_EXERCISE INSTRUCTIONS_: Below is a listing; retype exactly the lines between the one containing "a bedroom with" and the one containing "Chocolate Brownie with", inclusive, minus the pictures.

_SUPPLIED MATERIAL_:
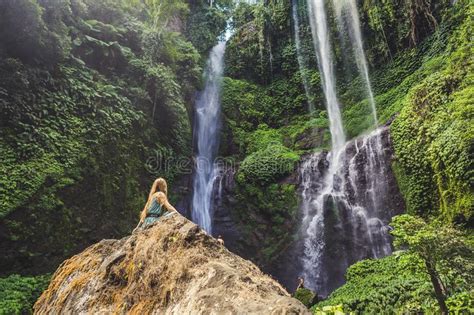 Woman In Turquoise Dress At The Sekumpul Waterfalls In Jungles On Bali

* * *

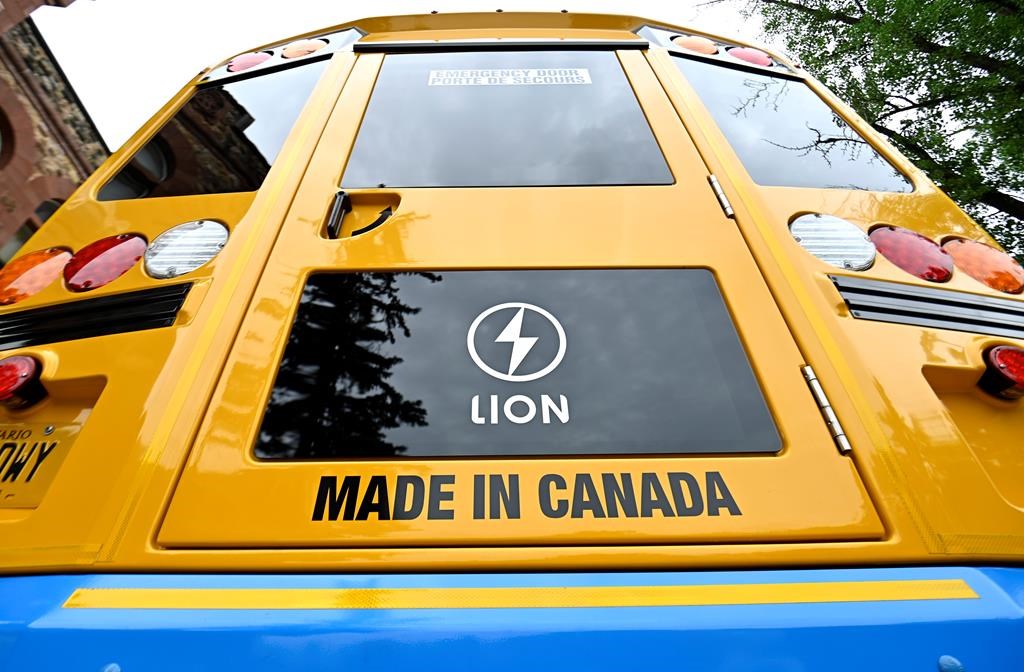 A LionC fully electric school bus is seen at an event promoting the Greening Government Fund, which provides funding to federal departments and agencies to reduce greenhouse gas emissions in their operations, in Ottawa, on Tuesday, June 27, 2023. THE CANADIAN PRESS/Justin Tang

==

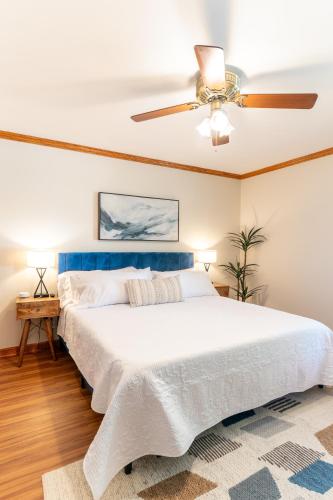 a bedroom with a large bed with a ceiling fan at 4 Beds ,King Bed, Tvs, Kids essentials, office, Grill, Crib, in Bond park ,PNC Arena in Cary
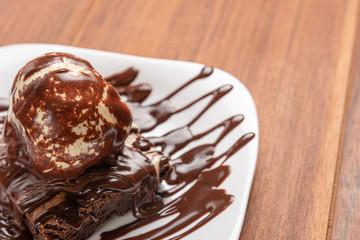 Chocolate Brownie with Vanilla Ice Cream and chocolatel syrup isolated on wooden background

_TASK SOLUTION_:
 a bedroom with a large bed with a ceiling fan at 4 Beds ,King Bed, Tvs, Kids essentials, office, Grill, Crib, in Bond park ,PNC Arena in Cary
 Chocolate Brownie with Vanilla Ice Cream and chocolatel syrup isolated on wooden background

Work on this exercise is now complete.